Take olive oil brand Graza, for example. Following the summer 2025 release of the teaser for Emerald Fennell’s Wuthering Heights—set to Charli XCX’s “Everything Is Romantic”—Graza paired a segment of that song with a video showing how to make a tartine with white beans and greens and generous amounts of Graza Drizzle olive oil. Using a trending TikTok sound like this can help a video gain visibility, boost engagement, and increase brand awareness.
Form mutually beneficial partnerships
Partner with creators and influencers whose audiences are a good fit for your brand’s offerings. They could help expose your business to more potential customers, unlocking new segments of your target audience and improving your reach in the process. For smaller businesses and those on a budget, nano- and micro-influencers can be especially effective.
Swedish Stockings—a hosiery brand known for its elevated essentials—teamed up with fashion writer Leandra Medine Cohen to design a collection of statement-making tights. An influencer known for her bold, maximalist aesthetic, Cohen has a widely read Substack (165,000 subscribers) and more than one million Instagram followers—nearly all of whom would see this campaign.

The same principle applies to brand-to-brand collaborations. In October 2025, tinned fish brand Fishwife partnered with grass-fed butter maker Churn to create an anchovy-and-lemon-flavored butter spread. The collaboration introduced Churn, which currently sits at 13,300 followers on Instagram, to Fishwife’s 199,000 Instagram followers.
Use hashtags wisely
Even though content relevance, engagement, and platform-specific algorithm signals are now more important, hashtags still support discoverability, categorization, and community engagement on social platforms.
Mix broad and specific hashtags to balance reach and discoverability—broad ones expose you to a wider audience, while niche tags help you surface in more targeted searches where competition is lower.
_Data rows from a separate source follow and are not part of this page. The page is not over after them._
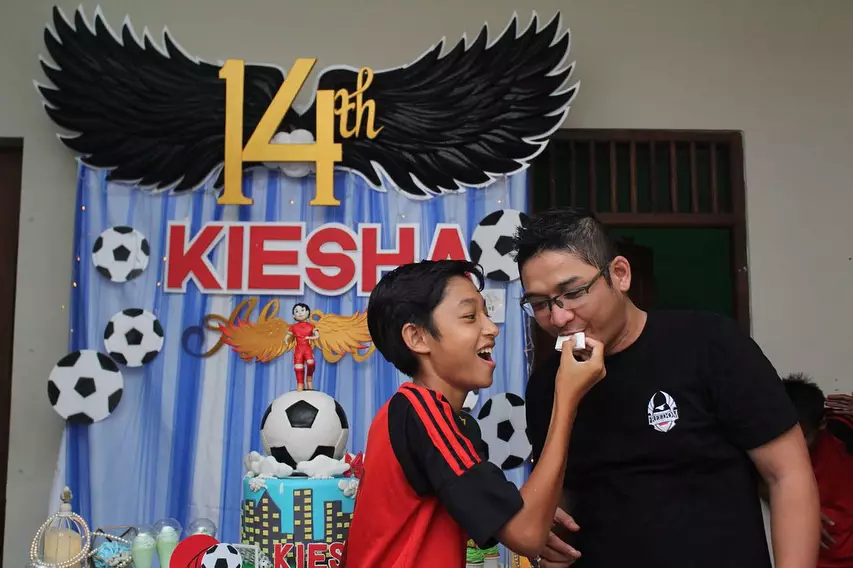 potret kompak kiesha dan pasha © Instagram potret kompak kiesha dan pasha © Instagram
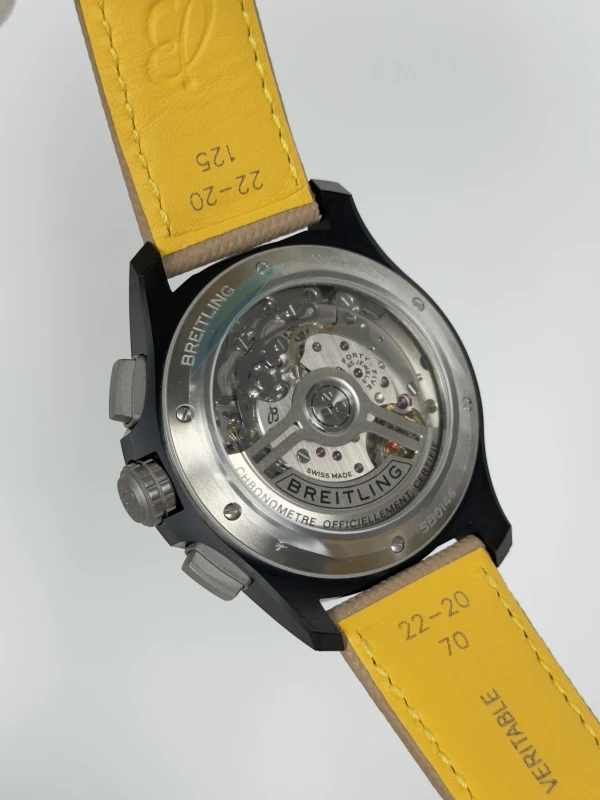 Breitling CHRONOGRAPH 42 NIGHT MISSION SB0146101B1X1 7
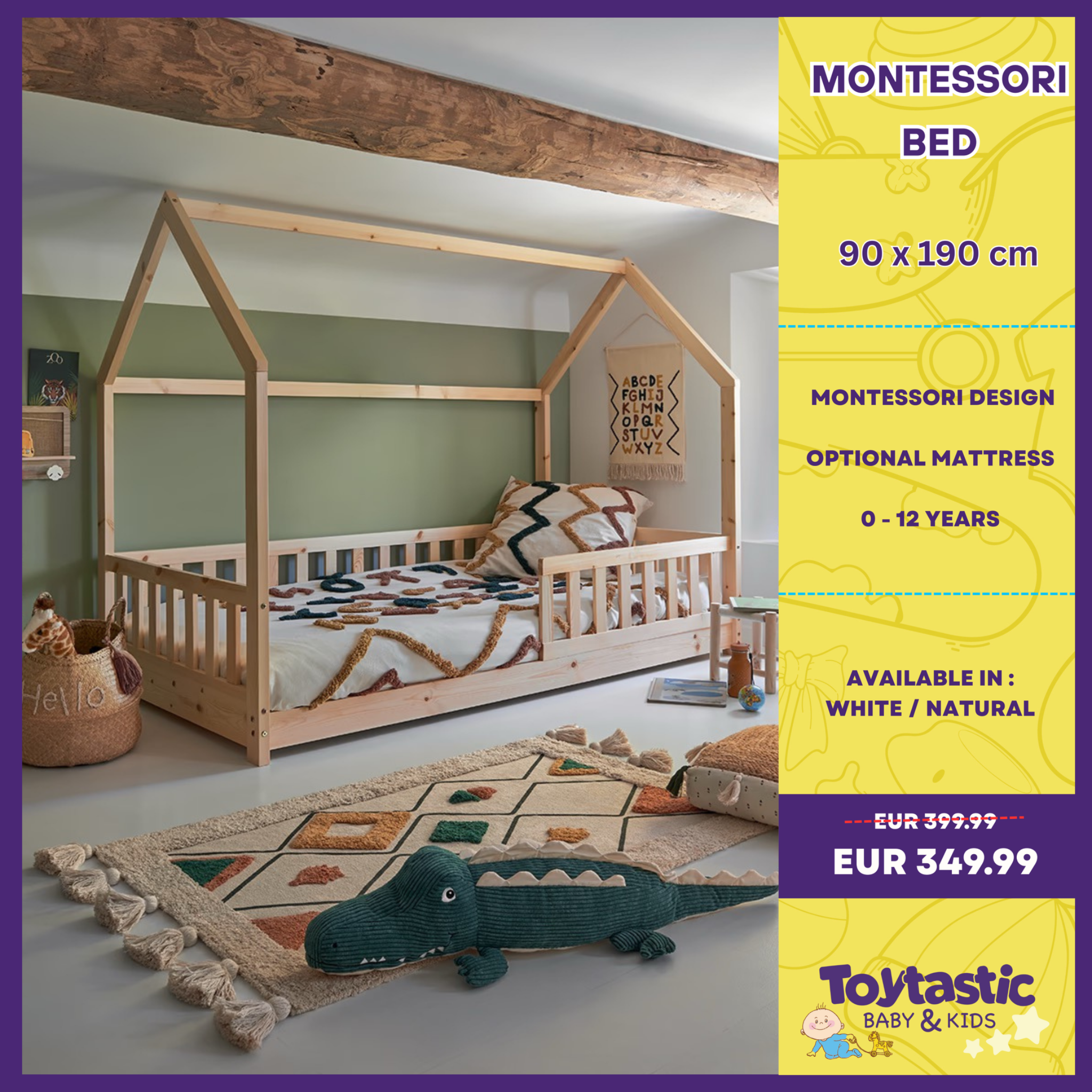 Toytastic Facebook ad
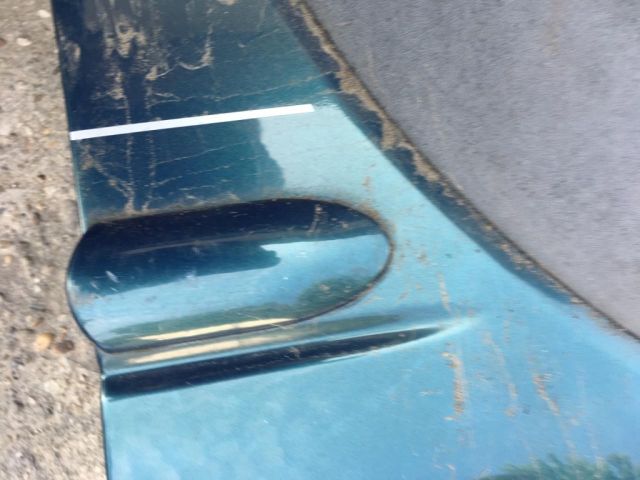 bontott LAND ROVER FREELANDER Bal első Sárvédő Szélesítő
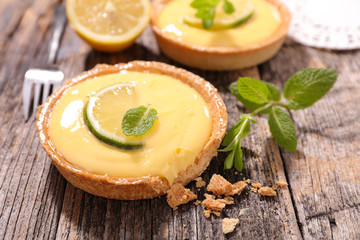 lemon tart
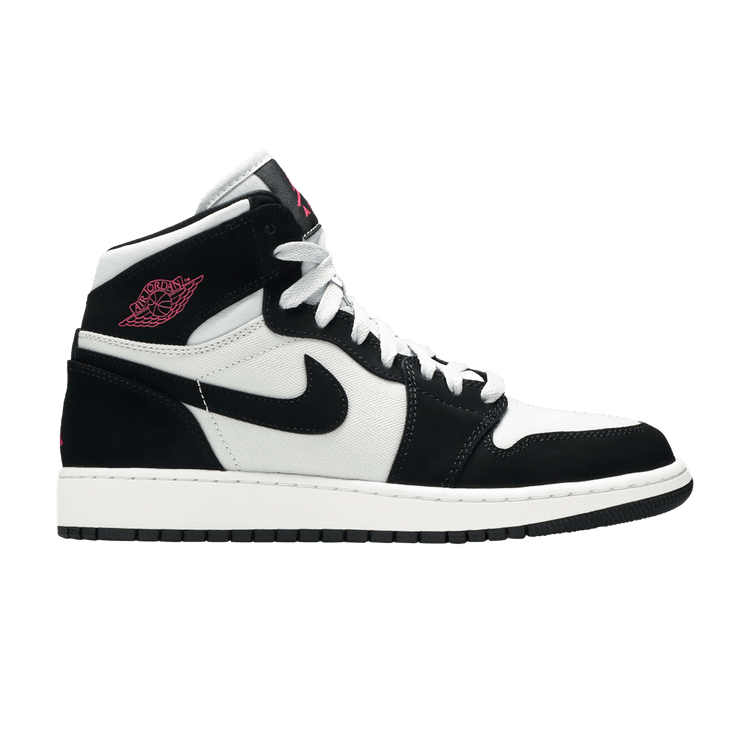 Jordan 1 Retro High Pure Platinum Pink (GS)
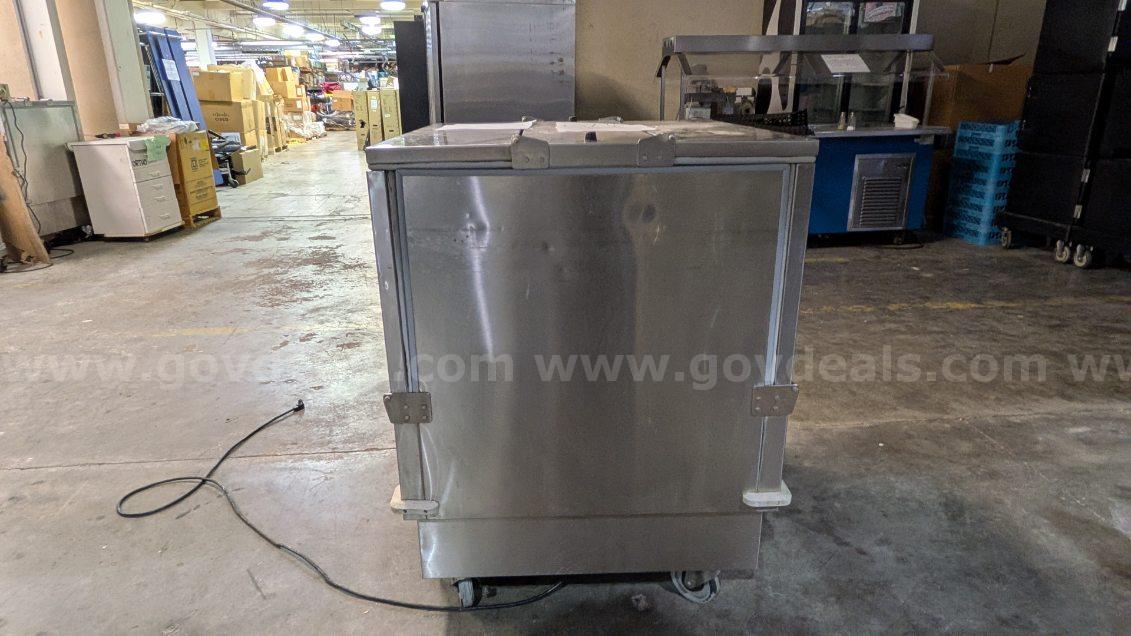 Commercial Mod-U-Serve Milk Cooler / Milk Box MOD-U-SERVE MCT-DM1 Government Surplus Auction - Photo #2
When writing captions, front-load key phrases so the most important keywords appear immediately—this invites high engagement and signals relevance to both users and the algorithm, increasing your chances of being found in search results.
What is reach in marketing FAQ
What is the difference between reach and impressions?
Reach refers to the number of individuals who have viewed a specific marketing message, ad, or piece of content at least once. Impressions refers to the total number of times people have seen your content. Impressions tally the total views and can include repeat views by the same individual, while reach only counts the total number of people who’ve seen something.
What does 3+ reach mean?
3+ reach, also known as effective reach, refers to the number or percentage of unique people and unique viewers who have seen an advertisement or piece of content at least three times.
How do you calculate reach in marketing?
To calculate reach in marketing, divide the total number of impressions by the average frequency, which represents how many times each user saw your content. In other words, if your campaign generated 50,000 impressions and each person saw it twice on average, your reach would be roughly 25,000 people.